Web page caption snippets:
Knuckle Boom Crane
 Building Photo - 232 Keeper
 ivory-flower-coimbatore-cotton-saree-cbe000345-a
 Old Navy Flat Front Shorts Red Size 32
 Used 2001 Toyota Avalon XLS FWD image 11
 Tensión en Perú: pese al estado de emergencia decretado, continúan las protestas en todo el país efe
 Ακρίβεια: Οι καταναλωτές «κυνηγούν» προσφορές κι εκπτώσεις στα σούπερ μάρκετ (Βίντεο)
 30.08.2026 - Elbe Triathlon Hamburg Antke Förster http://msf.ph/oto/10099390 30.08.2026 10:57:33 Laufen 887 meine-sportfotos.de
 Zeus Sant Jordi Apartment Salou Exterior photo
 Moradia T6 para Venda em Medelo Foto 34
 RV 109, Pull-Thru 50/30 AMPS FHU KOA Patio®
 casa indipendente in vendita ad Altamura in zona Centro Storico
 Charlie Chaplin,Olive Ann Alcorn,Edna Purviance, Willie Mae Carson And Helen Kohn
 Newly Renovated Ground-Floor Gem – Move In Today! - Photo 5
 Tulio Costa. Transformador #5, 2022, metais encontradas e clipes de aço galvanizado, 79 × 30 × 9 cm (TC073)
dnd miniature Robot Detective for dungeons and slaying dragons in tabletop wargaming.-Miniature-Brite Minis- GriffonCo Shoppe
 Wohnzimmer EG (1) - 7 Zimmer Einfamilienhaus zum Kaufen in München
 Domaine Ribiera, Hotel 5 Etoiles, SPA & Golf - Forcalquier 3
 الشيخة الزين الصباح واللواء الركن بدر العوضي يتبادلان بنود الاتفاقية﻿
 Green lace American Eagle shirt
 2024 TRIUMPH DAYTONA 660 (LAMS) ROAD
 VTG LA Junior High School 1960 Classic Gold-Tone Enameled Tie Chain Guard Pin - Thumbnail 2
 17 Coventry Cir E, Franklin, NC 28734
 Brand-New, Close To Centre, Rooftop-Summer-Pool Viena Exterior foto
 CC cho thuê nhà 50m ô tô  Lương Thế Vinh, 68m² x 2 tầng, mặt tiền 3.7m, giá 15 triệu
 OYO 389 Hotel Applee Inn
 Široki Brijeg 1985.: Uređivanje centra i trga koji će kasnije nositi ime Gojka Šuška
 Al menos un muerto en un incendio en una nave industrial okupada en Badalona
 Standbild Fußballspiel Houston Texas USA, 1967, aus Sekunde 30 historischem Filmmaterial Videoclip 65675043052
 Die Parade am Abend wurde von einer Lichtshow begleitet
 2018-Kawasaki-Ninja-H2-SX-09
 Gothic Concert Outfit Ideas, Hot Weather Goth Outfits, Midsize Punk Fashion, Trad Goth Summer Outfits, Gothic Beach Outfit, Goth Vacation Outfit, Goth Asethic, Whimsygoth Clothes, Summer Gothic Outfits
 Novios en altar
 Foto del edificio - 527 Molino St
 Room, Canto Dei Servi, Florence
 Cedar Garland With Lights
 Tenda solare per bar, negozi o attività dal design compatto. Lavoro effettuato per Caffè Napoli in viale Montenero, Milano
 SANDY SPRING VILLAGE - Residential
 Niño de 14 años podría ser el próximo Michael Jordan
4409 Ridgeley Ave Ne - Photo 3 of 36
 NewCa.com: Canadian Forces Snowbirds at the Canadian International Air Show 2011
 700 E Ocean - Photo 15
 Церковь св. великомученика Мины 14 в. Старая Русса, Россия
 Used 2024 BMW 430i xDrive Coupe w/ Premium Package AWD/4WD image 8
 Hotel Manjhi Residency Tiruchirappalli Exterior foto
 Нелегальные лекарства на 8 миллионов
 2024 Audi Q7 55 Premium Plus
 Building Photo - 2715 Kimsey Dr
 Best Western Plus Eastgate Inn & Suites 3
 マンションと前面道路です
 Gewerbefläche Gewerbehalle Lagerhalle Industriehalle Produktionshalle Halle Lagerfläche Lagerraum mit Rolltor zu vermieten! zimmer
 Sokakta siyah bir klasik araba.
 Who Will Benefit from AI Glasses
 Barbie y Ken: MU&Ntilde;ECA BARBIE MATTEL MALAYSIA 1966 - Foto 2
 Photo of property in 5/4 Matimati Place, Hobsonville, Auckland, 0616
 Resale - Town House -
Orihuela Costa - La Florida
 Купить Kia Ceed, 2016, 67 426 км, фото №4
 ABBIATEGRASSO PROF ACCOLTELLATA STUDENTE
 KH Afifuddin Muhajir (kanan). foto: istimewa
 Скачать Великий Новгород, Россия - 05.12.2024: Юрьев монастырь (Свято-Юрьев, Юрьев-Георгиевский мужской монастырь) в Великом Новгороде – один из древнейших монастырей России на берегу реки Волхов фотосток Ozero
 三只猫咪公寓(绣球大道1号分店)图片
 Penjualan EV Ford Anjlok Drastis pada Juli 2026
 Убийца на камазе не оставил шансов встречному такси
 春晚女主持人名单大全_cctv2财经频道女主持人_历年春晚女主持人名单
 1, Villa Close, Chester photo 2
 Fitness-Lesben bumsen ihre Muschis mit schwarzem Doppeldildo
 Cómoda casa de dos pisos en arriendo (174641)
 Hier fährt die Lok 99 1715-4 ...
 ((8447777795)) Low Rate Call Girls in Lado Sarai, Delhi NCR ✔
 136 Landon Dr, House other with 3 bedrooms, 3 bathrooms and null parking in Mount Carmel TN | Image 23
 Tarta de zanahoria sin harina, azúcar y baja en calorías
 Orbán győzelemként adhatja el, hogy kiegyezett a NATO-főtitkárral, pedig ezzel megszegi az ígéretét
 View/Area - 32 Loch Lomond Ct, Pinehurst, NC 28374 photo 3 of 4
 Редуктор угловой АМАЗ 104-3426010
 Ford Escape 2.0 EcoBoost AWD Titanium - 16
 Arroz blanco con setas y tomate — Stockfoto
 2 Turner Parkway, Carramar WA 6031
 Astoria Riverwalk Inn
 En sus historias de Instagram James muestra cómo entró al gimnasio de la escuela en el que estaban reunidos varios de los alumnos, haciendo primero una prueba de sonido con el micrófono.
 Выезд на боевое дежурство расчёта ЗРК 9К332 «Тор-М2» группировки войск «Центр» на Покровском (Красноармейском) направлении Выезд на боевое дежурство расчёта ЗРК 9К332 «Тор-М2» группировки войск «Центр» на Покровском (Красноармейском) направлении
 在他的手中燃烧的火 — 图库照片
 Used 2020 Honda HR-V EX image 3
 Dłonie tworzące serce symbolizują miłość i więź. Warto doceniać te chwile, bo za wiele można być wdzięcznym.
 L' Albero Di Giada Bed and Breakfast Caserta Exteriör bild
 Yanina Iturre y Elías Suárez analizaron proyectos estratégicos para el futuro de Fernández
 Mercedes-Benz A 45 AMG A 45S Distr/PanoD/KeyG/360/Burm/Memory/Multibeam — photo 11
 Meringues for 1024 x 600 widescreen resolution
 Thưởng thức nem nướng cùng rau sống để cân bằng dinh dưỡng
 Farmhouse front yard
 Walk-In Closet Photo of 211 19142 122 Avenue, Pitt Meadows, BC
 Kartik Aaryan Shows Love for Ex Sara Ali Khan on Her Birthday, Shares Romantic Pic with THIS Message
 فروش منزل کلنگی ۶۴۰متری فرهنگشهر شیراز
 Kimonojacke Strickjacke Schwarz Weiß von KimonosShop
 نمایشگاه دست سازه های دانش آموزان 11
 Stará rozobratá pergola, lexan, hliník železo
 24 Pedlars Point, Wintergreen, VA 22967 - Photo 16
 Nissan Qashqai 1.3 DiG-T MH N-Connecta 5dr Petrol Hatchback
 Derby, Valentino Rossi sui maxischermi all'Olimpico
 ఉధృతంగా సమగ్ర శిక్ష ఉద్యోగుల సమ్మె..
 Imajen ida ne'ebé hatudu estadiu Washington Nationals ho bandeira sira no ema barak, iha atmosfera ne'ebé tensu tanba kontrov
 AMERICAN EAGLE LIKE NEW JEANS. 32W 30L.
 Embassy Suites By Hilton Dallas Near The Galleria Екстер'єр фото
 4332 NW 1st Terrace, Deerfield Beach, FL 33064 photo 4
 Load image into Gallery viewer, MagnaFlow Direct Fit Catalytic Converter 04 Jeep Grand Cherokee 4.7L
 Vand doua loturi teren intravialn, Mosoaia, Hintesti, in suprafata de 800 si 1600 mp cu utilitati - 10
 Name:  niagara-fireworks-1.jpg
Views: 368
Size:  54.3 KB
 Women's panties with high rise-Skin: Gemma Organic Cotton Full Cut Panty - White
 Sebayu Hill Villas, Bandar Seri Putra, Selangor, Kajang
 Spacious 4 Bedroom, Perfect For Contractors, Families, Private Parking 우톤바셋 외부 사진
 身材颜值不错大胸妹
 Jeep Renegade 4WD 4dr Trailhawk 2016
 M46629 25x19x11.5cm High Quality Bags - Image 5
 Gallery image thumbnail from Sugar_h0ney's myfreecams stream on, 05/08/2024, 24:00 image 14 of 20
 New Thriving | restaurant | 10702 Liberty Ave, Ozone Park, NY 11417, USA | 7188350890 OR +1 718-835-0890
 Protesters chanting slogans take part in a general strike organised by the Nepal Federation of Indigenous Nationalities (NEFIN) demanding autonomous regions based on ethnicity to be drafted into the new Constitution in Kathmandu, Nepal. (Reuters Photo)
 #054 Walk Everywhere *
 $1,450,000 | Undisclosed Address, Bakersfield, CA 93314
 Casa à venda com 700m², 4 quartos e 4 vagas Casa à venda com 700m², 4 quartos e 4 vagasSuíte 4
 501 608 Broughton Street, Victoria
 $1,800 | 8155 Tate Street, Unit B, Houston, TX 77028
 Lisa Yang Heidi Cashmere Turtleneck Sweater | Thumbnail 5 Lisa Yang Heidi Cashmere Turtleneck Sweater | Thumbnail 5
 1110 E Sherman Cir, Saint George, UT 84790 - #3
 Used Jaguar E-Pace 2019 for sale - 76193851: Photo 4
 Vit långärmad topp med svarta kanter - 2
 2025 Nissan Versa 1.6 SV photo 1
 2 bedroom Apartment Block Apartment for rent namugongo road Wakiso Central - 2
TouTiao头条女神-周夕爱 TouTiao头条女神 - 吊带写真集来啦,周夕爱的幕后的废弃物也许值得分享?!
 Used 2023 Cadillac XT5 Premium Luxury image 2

### PROBLEM TO WORK ON:
Every line in the records above with the string "Plus" in it should be shown.

### THE COMPLETED TASK:
 2024 Audi Q7 55 Premium Plus
 Best Western Plus Eastgate Inn & Suites 3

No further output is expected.